On Sun, 22 Feb 2015, Benjamin Moody wrote:

> On 2/21/15, Vince Weaver <[email protected]> wrote:
> > On Sat, 21 Feb 2015, Benjamin Moody wrote:
> >
> >
> >> there are grandchild processes involved.  (And I can't help thinking
> >> the first version is a lot more elegant!)  Does the kernel somehow get
> >> confused because enable_on_exec is set and the original process hasn't
> >> actually exec'ed anything?
> >
> > Have you tried enabling the "inherit_stat" flag to see if that helps?
> 
> That does seem to help for the simple case I posted.  It doesn't work
> in all cases, though.  I'll have to experiment a bit to find a simple
> example.
> 
> My impression was that the inherit_stat bit shouldn't matter if we are
> only interested in aggregate event counts, as opposed to counting
> events per thread (found a ML thread about this a while ago but I
> can't find it right now.)  Please correct me if I'm wrong.  In any
> case, though, the perf tool doesn't use that bit.

If you can come up with a coherent explanation of what the inherit_stat 
bit does I'll be glad to add it to the manpage.

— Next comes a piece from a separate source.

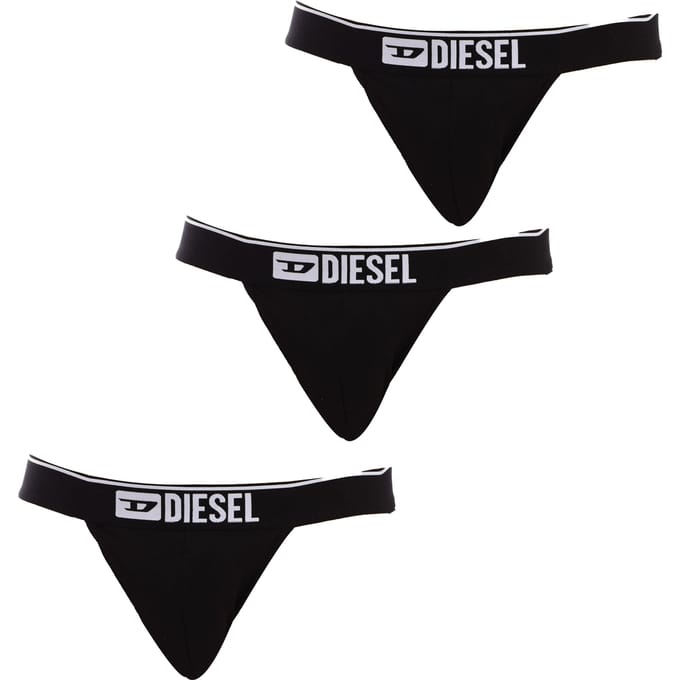 Diesel Jockstrap - 3 Pack E4101 Black - maat L (L) - Heren Volwassenen - Katoen/elastaan- 00SH9I-0GDAC-E4101-L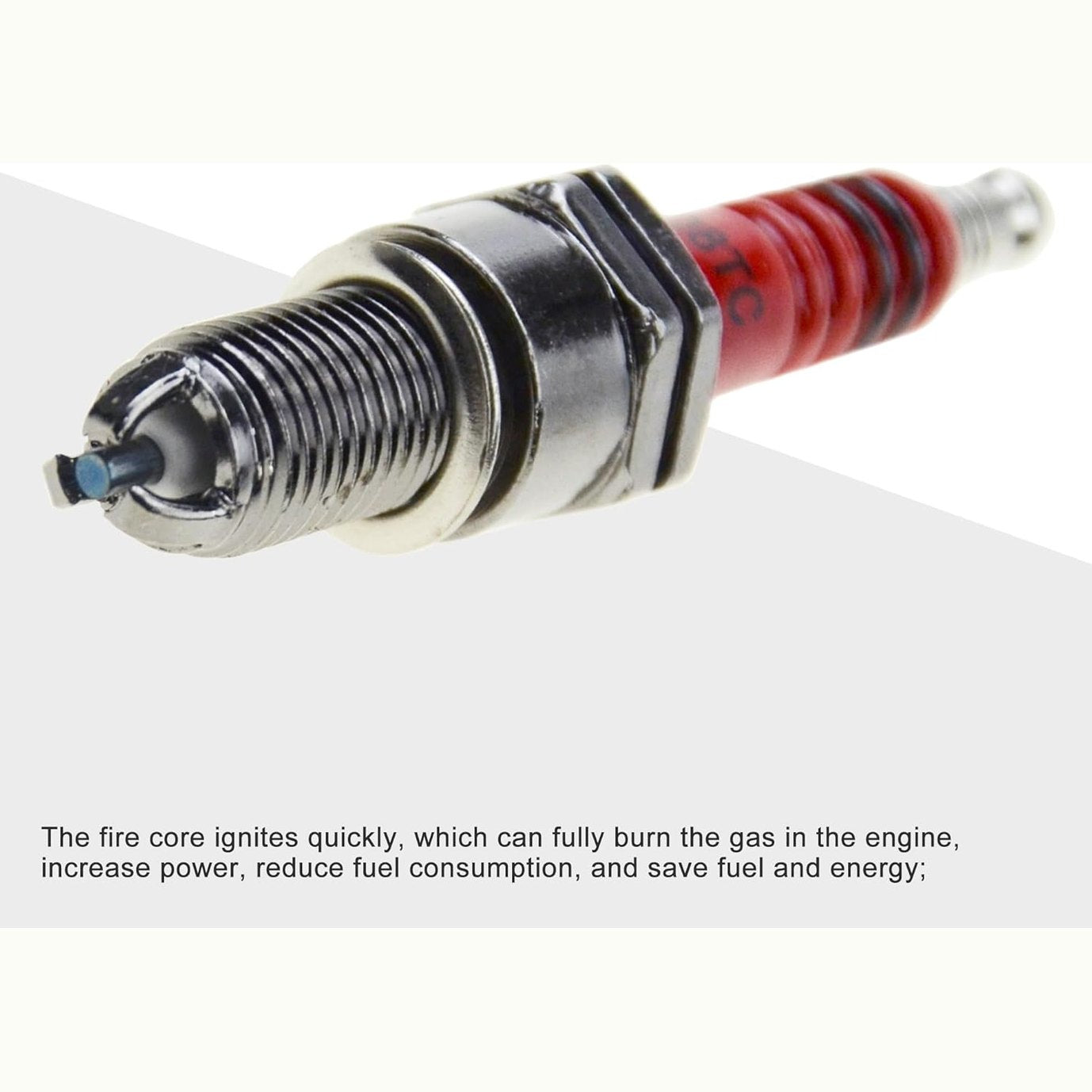 GOOFIT D8TC 3 Electrode Spark Plug for CG 125cc 150cc 200cc 250cc CF250 4 Stroke Gasoline Engine ATV Motorcycle Scooter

>From what I vaguely understand it has to do with when a read() happens 
whether you bother to iterate all children and get updated event counts 
from them rather than just using the value from the last time they context 
switched.  I probably have that all mixed up though.

It's true perf doesn't use that bit, but I thought we already established 
that your code doesn't start a process the same way that perf does.

I am interesting in seeing if we can get to the bottom of this issue, as 
I've had users report issues when trying to measure OpenMP programs, 
though I'm not sure if they're seeing the exact same problem.